Colts inevitable COVID issues arise at worst time


This felt inevitable. Indianapolis Colts quarterback Carson Wentz’s refusal to be vaccinated against the COVID-19 virus seemed certain to produce a positive test sometime and seemed destined to occur just when he was needed most.

And here we are.

After righting their season following a slow-motion start, the Colts turned into one of the hottest teams in the NFL. They still need to keep winning and are poised to possibly clinch a playoff spot when they face the Las Vegas Raiders Sunday.

But pilot Wentz may be grounded. Right now he is. The only thing that could propel him back into action after flunking the coronavirus test is the league’s abrupt reduction of quarantine time to five days.

If Wentz wakes up Sunday and passes Colts medical protocols he could play. Otherwise, on one of the most important days of the season, the franchise will count on sixth-round pick Sam Ehlinger, a rookie out of the University of Texas who may get the opportunity to throw his first professional pass.

People might wonder if teammates are in the locker room mumbling, “Moron” because Wentz would not take his medicine (he has not said why).

And how much faith is there in Ehlinger, just because of his inexperience? The 6-foot-1, 220-pound native of Austin, Tex. came across as sharp, intelligent, composed and reflective in a Zoom press conference.

Coach Frank Reich said of Ehlinger Wednesday, “At this point Sam is our starter. I think Sam is made for moments like this.”

Ehlinger pretty much admitted during the pre-season he had no idea what he was doing. “I was just trying to stay afloat,” he said.

Someone mentioned this could be an uncomfortable situation, practicing as the starter all week, yet not really knowing if he will be the man. Ehlinger, 23, said he had dealt with some uncomfortable situations in his life.

That is an understatement. His father died of a heart attack at 46 when competing in a triathlon. A brother, a U. of Texas linebacker, died at 20 of an accidental overdose of Xanax. So this is hardly the most challenging thing Ehlinger has had to handle.

The history of relief pitchers in the NFL is checkered — the starters being the starters for a reason. Plus, the Colts have other concerns. The offensive line has been in flux, with multiple COVID-19 positive tests or other injuries affecting everyone, including tight end Jack Doyle, who departed last week’s Arizona game limping.

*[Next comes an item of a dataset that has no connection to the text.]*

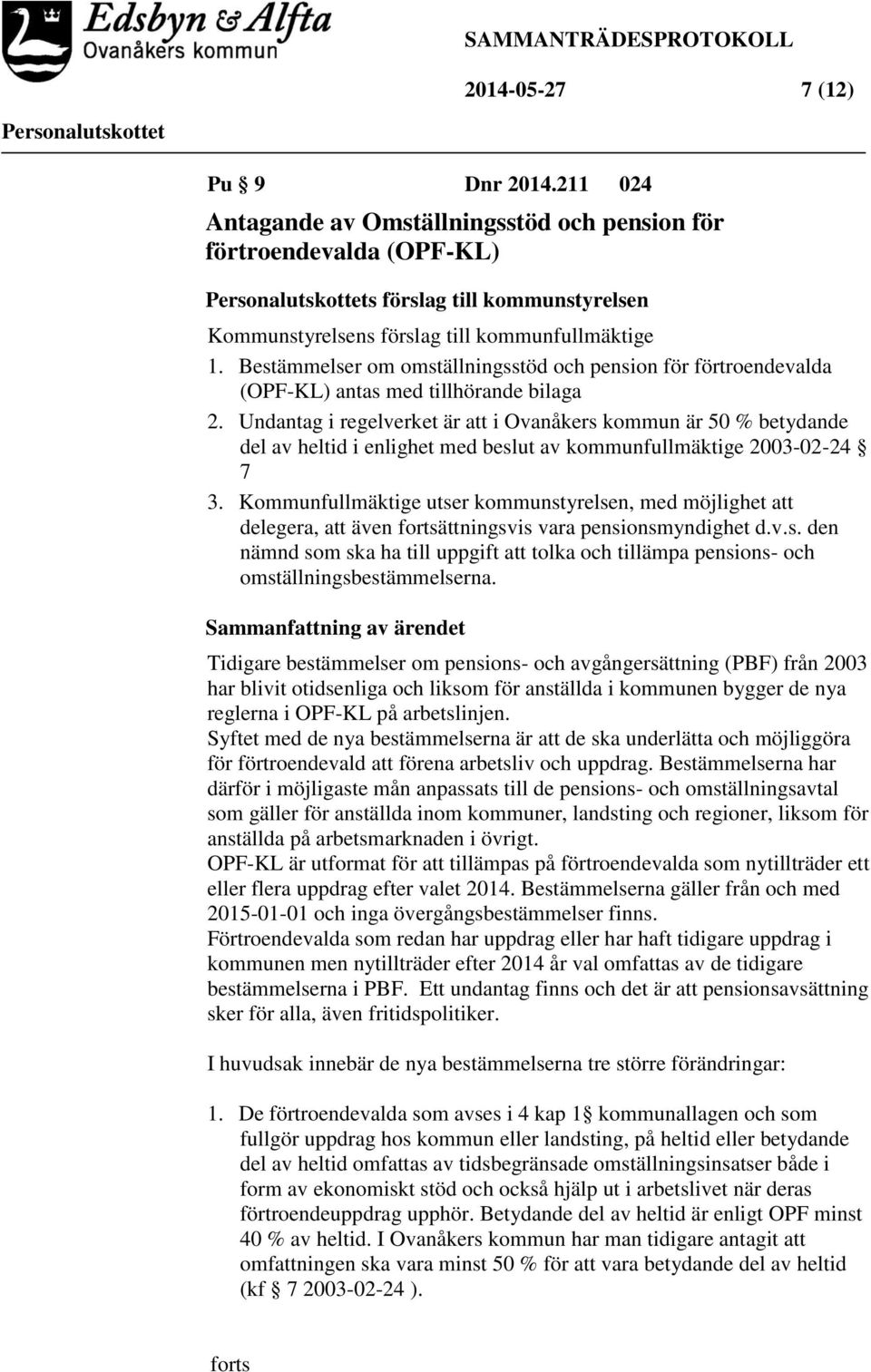 Undantag i regelverket är att i Ovanåkers kommun är 50 % betydande del av heltid i enlighet med beslut av kommunfullmäktige 2003-02-24 7 3.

The Colts have shuffled new bodies to the active roster from the practice squad and elsewhere and Reich can barely keep up with which player might be back on which day after doing a five-day stint on the reserve/COVID list. Whoever is at quarterback must have someone to block for him, after all.

Ehlinger has been preparing all season, indeed, much of his life, for such a moment in the spotlight, so he would like to think he is ready. He could be the Colts’ savior.

Also, it does not seem likely Philip Rivers will appear on a white horse. Rivers quarterbacked Indianapolis to the playoffs last season and then retired. There has been buzz the Colts tried to talk him out of retirement as an emergency fill-in.

Given Rivers hasn’t played in a year and is almost surely not in game shape, this seems a fanciful thought.

Reich said he and Rivers talk as friends and he has informed the former All-Star about the Colts’ current situation, but he would not reveal if he asked Rivers to return. “There is nothing to report,” Reich said about that issue.

It is unknown if Wentz was a close-contact casualty positive, or is really sick. It is unknown if he will materialize to suit up Sunday, or be exiled from the clubhouse. It is unknown if Ehlinger will be the hero of the occasion, or will stay on the bench. It is not known if the Colts will have one, three, or five regular offensive lineman in uniform.

The only known quantity in Colts World is that the best bet is giving the ball to Jonathan Taylor 40 times and getting out of the way. Unless he tests positive and can’t come to Lucas Oil Stadium.